Note you must run tests with -p=1
, so packages are tested in turn. Otherwise
t.Parallel()
will run parallel tests from different suites at the same time as
each other, which we currently don't support.
The database uses jsonb
, which is only available in Postgres 9.4 and beyond.
The Go server exposes http/pprof/trace
, which is only available in Go 1.5 and
beyond.
You can probably fork the project to remove the http/pprof handlers and replace jsonb with json and it should compile/run fine.
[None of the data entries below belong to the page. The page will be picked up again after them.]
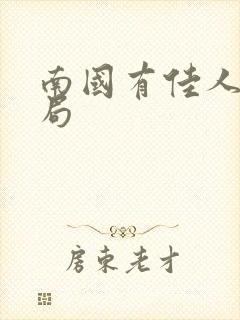 南国有佳人大结局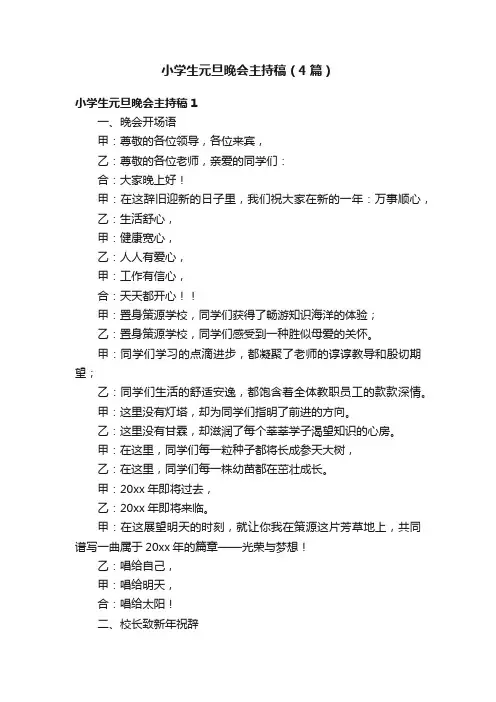 小学生元旦晚会主持稿（4篇）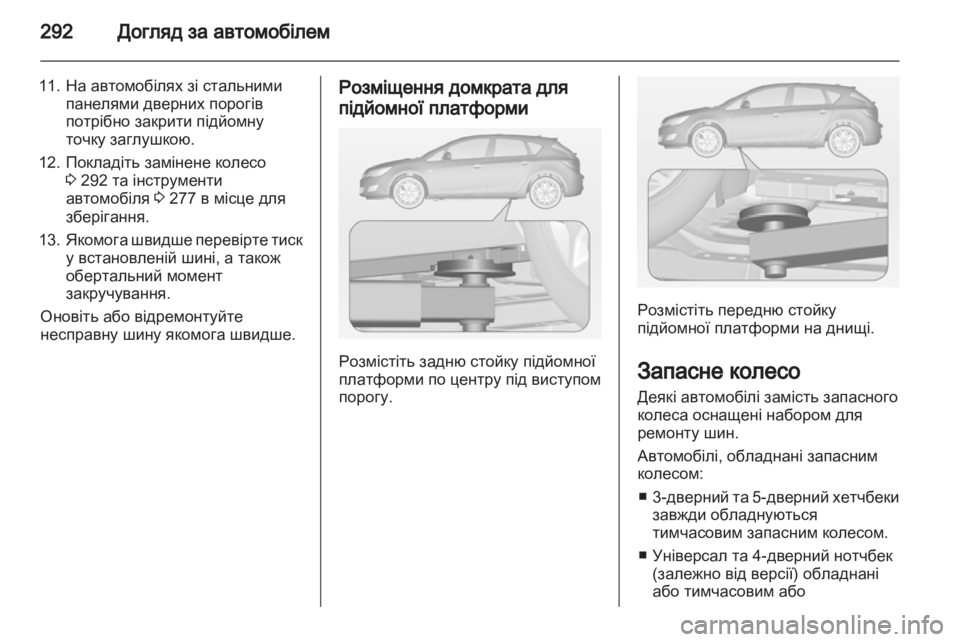 OPEL ASTRA J 2013 Посібник з експлуатації (in Ukrainian) OPEL ASTRA J 2013 Посібник з експлуатації (in Ukrainian)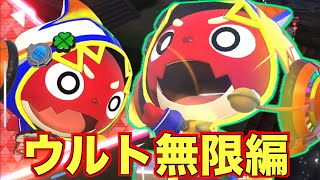 【フェスティバトル】オラゴンで無限にウルトでワンパン。自称モンスト界のプリンス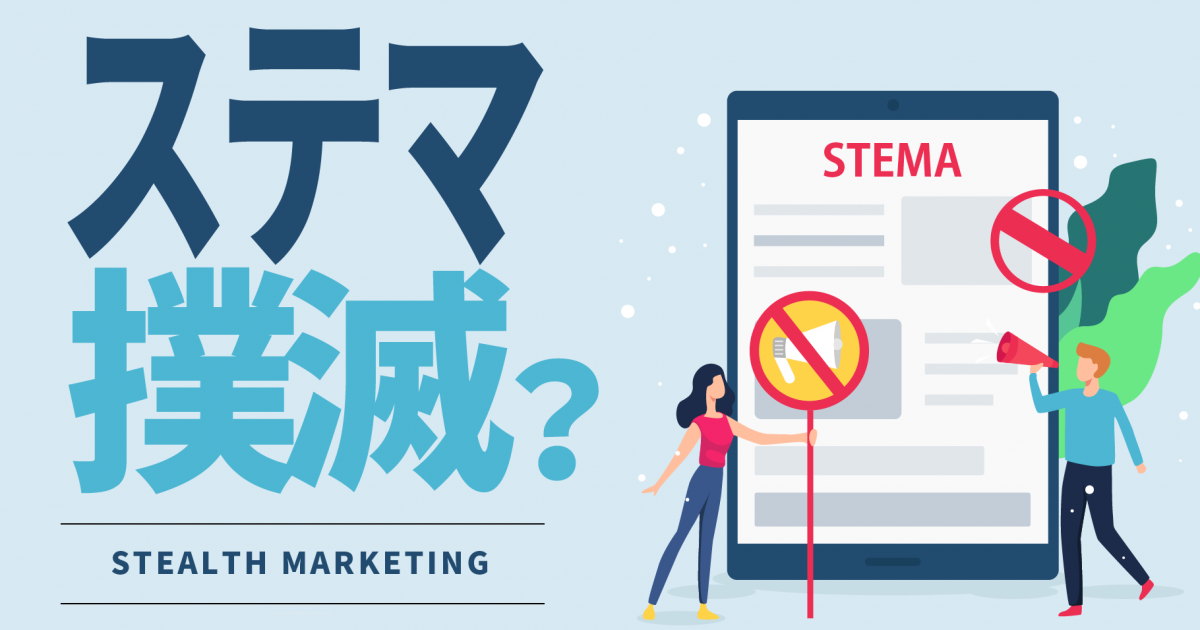 ステルスマーケティングに喝!撲滅なるか!? - ホームページ制作 熊本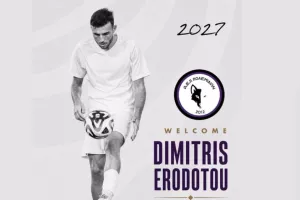Στην ΑΕΠ Πολεμιδιών ο Ηροδότου 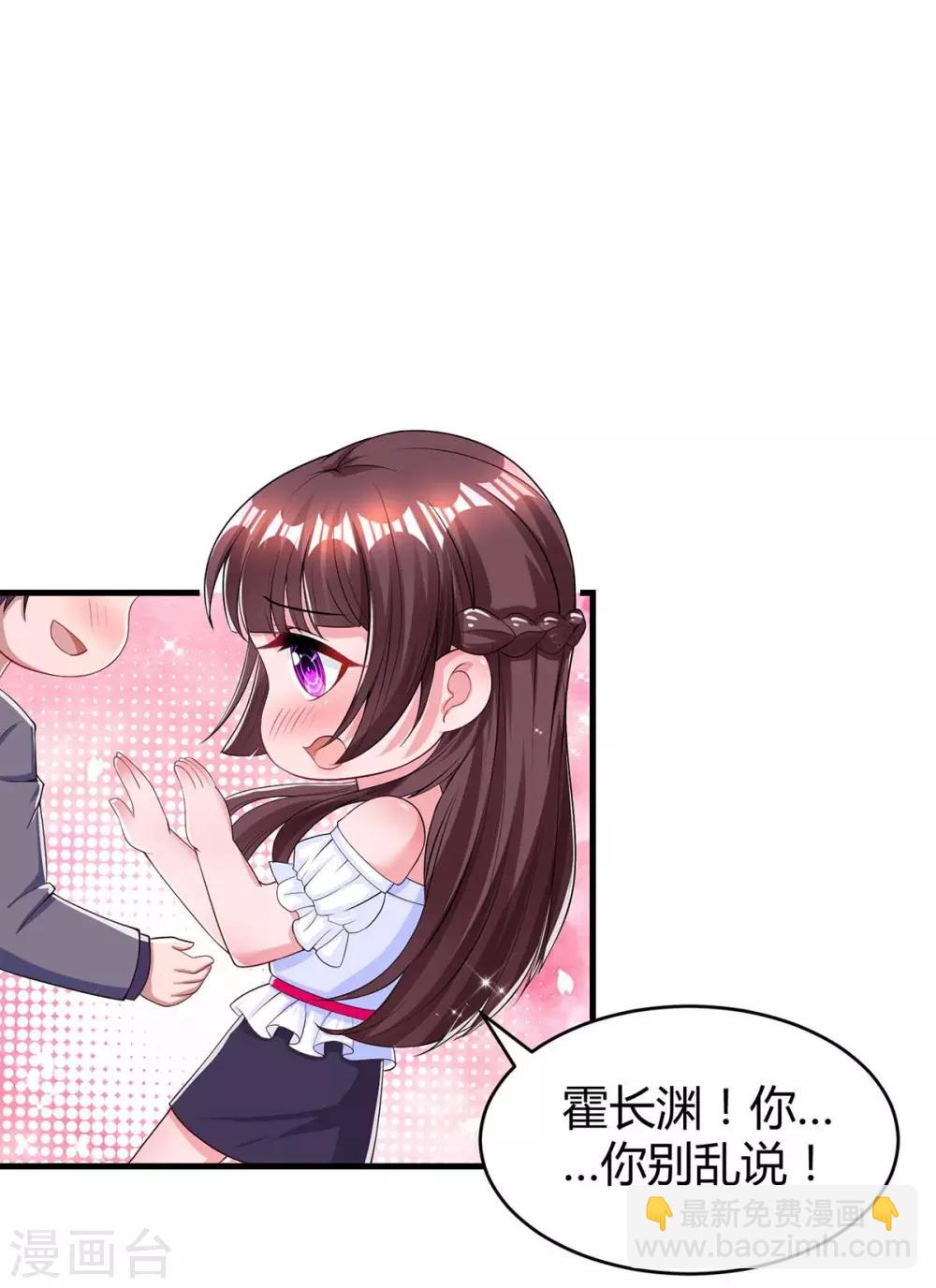 霸道總裁求抱抱 - 第120話 還來得及 - 1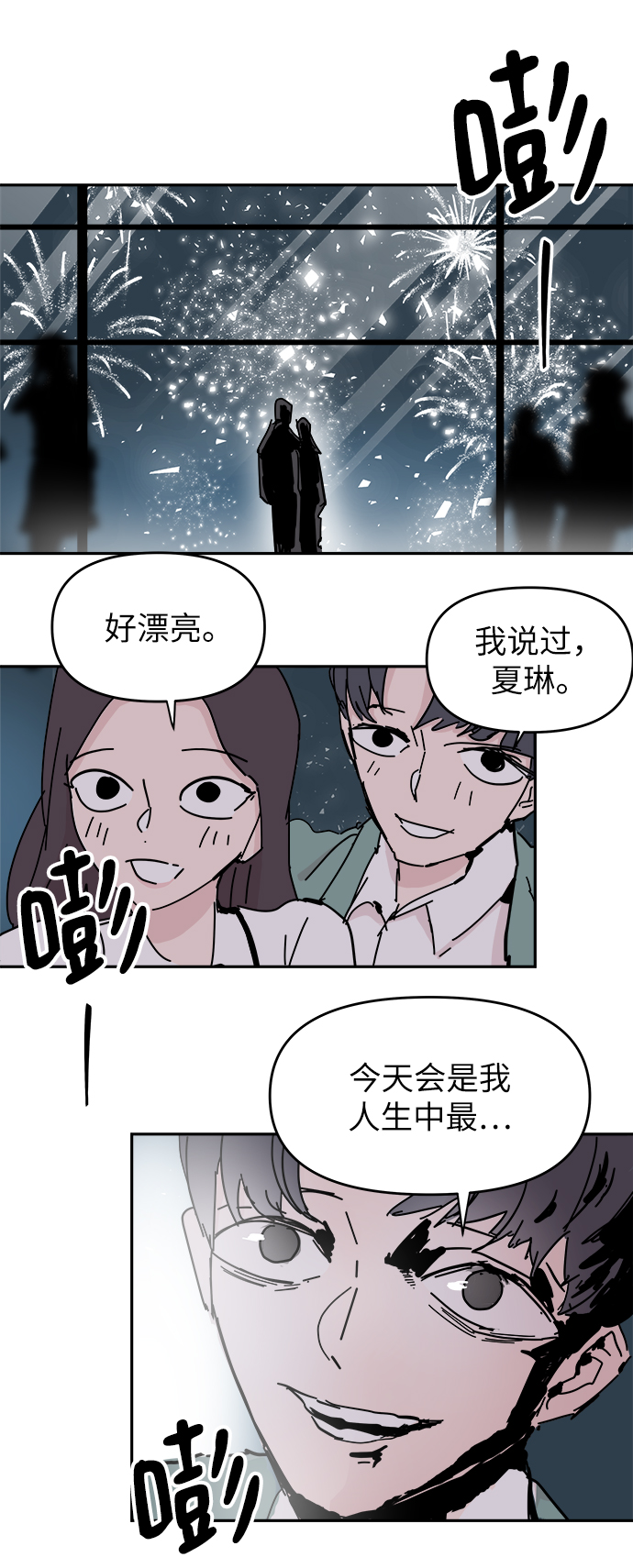 第61话68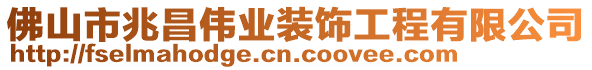 佛山市兆昌偉業(yè)裝飾工程有限公司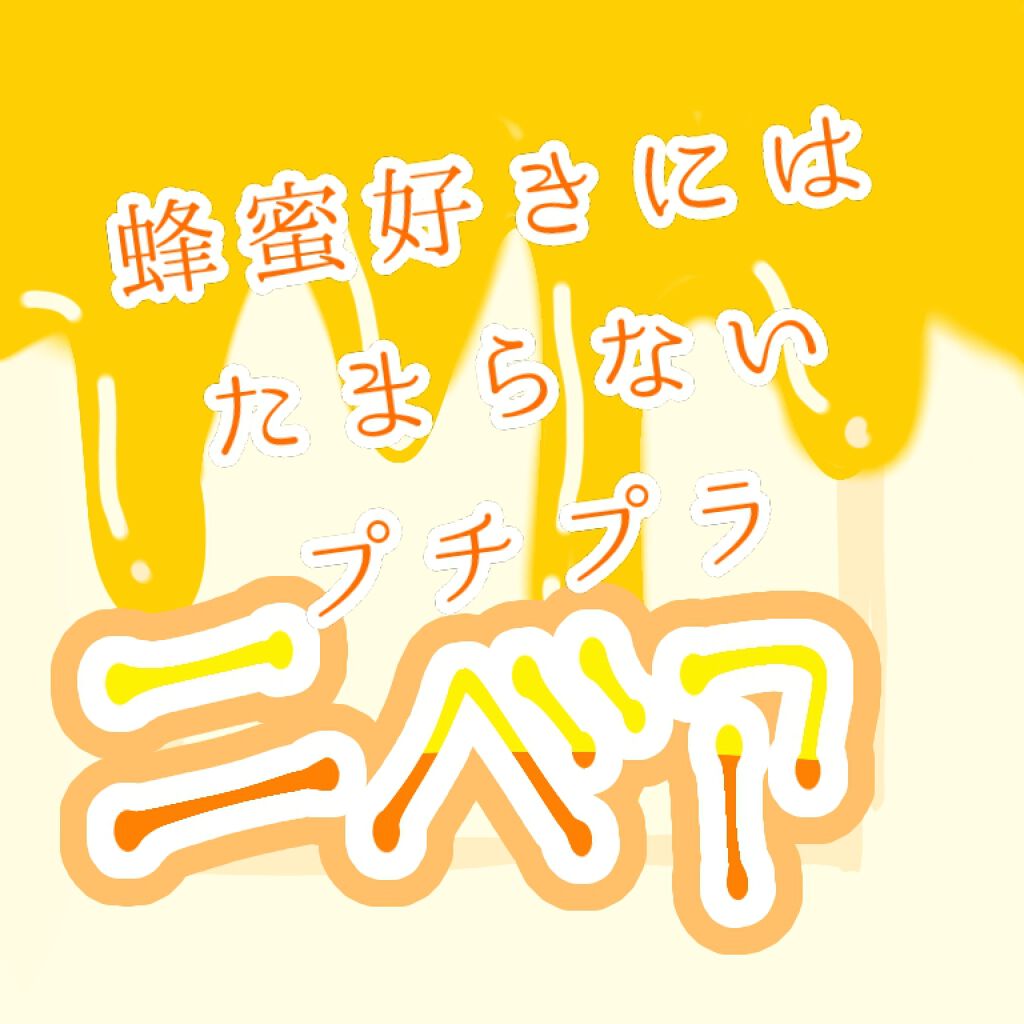 ニベア ディープモイスチャーリップ/ニベア/リップクリームを使ったクチコミ（1枚目）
This project has two points of failure:
-
If the database goes down, you can't enqueue any new jobs, or process any work. This is acceptable for most companies and projects. If this is unacceptable you may want to check out a distributed scheduler like Chronos, or use something else for the job queue, like SQS.
-
If the dequeuer goes down, you can't process any work. You can run multiple dequeuers, or manually split the single concurrency value across multiple machines, or just wait until the machine comes back up again. Note if the dequeuer goes down you can still enqueue jobs, the database queue will continue to grow.
-
Pull jobs out of the database in batches, and send them to the dequeuers over channels.
-
Use it only as a scheduler, and move the job queue to SQS or something else.
-
Run the server on multiple machines. The worker can't run on multiple machines without violating the concurrency guarantees.
-
Run the worker on multiple machines, and ignore or update the concurrency guarantees.
-
Run the downstream worker on a larger number of machines.
-
Shard the Postgres database so jobs A-M are in one database, and N-Z are in another. Would need to update
db.Conn
to be an interface, or wrap it behind a function. -
Delete/archive all rows from
archived_jobs
that are older than 180 days, on a rolling basis. I doubt this will help much, but it might. -
Get a bigger Postgres database.
-
Upgrade to Postgres 9.5 and update the Acquire() strategy to use SKIP LOCKED.
-
Allow UPDATEs to jobs once they've been created
-
API for retrieving recent jobs/paging through archived jobs, by name
-
Dequeuer listens on a local socket/port, so you can send commands to it to add/remove dequeuers on the fly.